The 110-requirement scope of Revision 2 assumes a mature IT organization. Small and medium-sized manufacturers — a significant portion of the defense industrial base — frequently lack internal expertise to implement controls such as Security Information and Event Management (SIEM) logging, multi-factor authentication across all privileged accounts, and supply chain risk assessments. The DoD's voluntary DIBNet portal offers assessment tools, but uptake has been uneven.

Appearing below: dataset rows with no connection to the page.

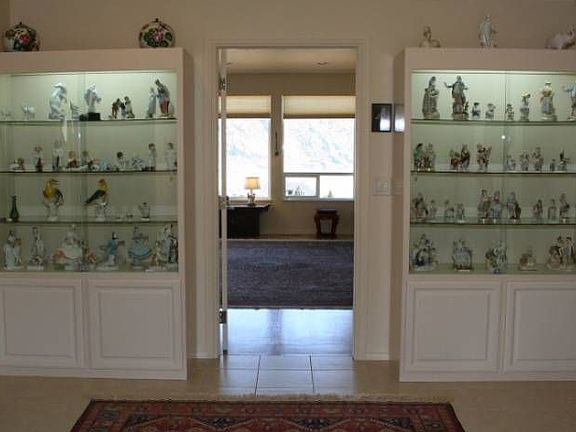 Entry to LR from foyer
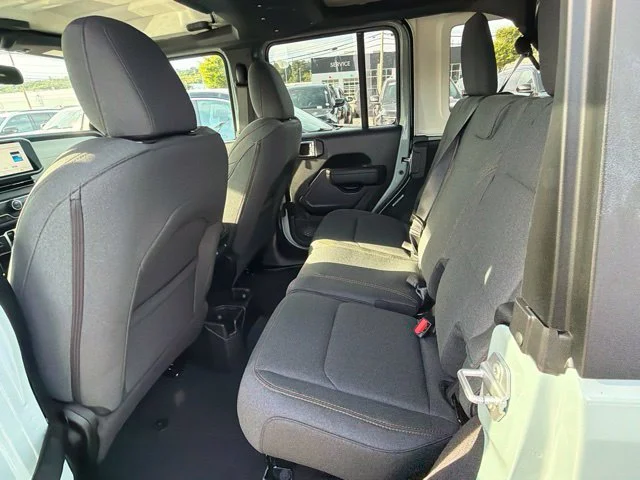 New 2027 White/off-white Jeep Sport S image 7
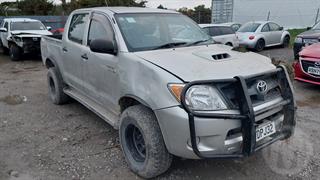 2006 Toyota Hilux 3.0TD 4WD DCU 5M Dual Cab Utility Photo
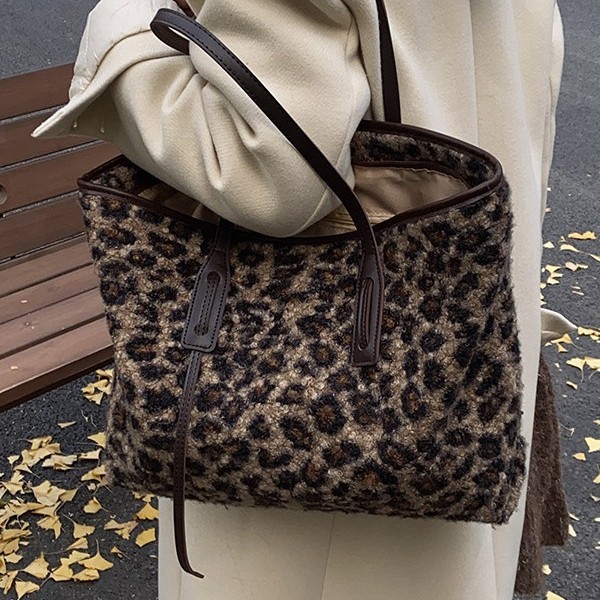 Winter stylish and high-quality pendant 2024 Leopard print casual new large-capacity fashionable single-shoulder crossbody handbag for women Application Scenario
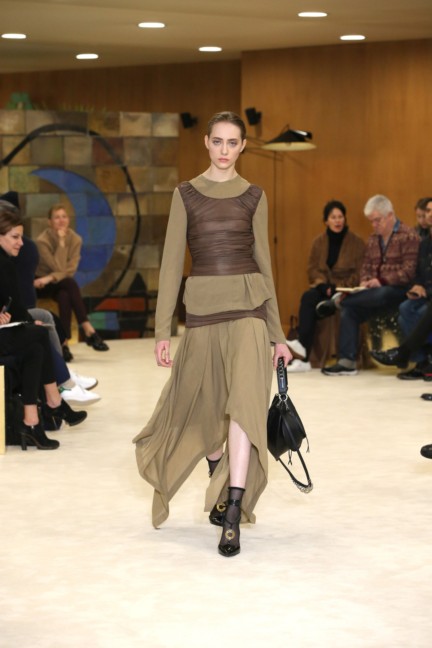 loewe-paris-fashion-week-aw-16-15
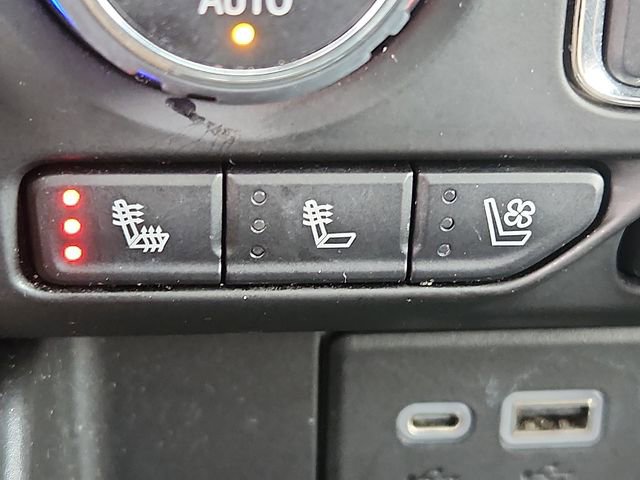 Used 2022 Chevrolet Suburban High Country w/ Max Trailering Package image 23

Tension also exists between SP 800-171's boundary-centric model and modern zero trust compliance requirements, which reject implicit trust based on network location. Implementing SP 800-171 controls within a zero-trust architecture requires reinterpreting boundary-defined controls (SC-7, system boundary protection) in network-agnostic terms that the original standard did not fully anticipate.


Common misconceptions

Misconception: SP 800-171 applies only to IT departments. Physical protection (PE), personnel security (PS), and media protection (MP) controls extend obligations to facilities management, HR, and operations staff. A manufacturing floor where CUI technical drawings are printed and handled is within scope.

Misconception: Cloud storage eliminates SP 800-171 obligations. Moving CUI to a cloud environment transfers some technical controls to the cloud service provider but does not eliminate the contractor's compliance obligation. The cloud service must be assessed under FedRAMP or an equivalent framework — and the contractor remains responsible for access control, user provisioning, and incident reporting requirements that the cloud provider does not inherit.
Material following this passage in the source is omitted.